Task input section start
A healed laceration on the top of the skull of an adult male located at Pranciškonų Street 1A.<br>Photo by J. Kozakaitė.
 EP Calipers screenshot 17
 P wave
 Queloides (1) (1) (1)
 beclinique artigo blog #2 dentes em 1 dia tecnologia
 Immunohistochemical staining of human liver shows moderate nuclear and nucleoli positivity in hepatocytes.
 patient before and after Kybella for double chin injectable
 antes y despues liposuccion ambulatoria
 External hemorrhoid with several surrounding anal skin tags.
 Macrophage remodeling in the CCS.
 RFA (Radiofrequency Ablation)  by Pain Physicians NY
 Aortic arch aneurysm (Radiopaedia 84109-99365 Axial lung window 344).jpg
Task input section end
Instructions for the task: Every entry must be given again exactly as it reads.

Solution to this task:
A healed laceration on the top of the skull of an adult male located at Pranciškonų Street 1A.<br>Photo by J. Kozakaitė.
 EP Calipers screenshot 17
 P wave
 Queloides (1) (1) (1)
 beclinique artigo blog #2 dentes em 1 dia tecnologia
 Immunohistochemical staining of human liver shows moderate nuclear and nucleoli positivity in hepatocytes.
 patient before and after Kybella for double chin injectable
 antes y despues liposuccion ambulatoria
 External hemorrhoid with several surrounding anal skin tags.
 Macrophage remodeling in the CCS.
 RFA (Radiofrequency Ablation)  by Pain Physicians NY
 Aortic arch aneurysm (Radiopaedia 84109-99365 Axial lung window 344).jpg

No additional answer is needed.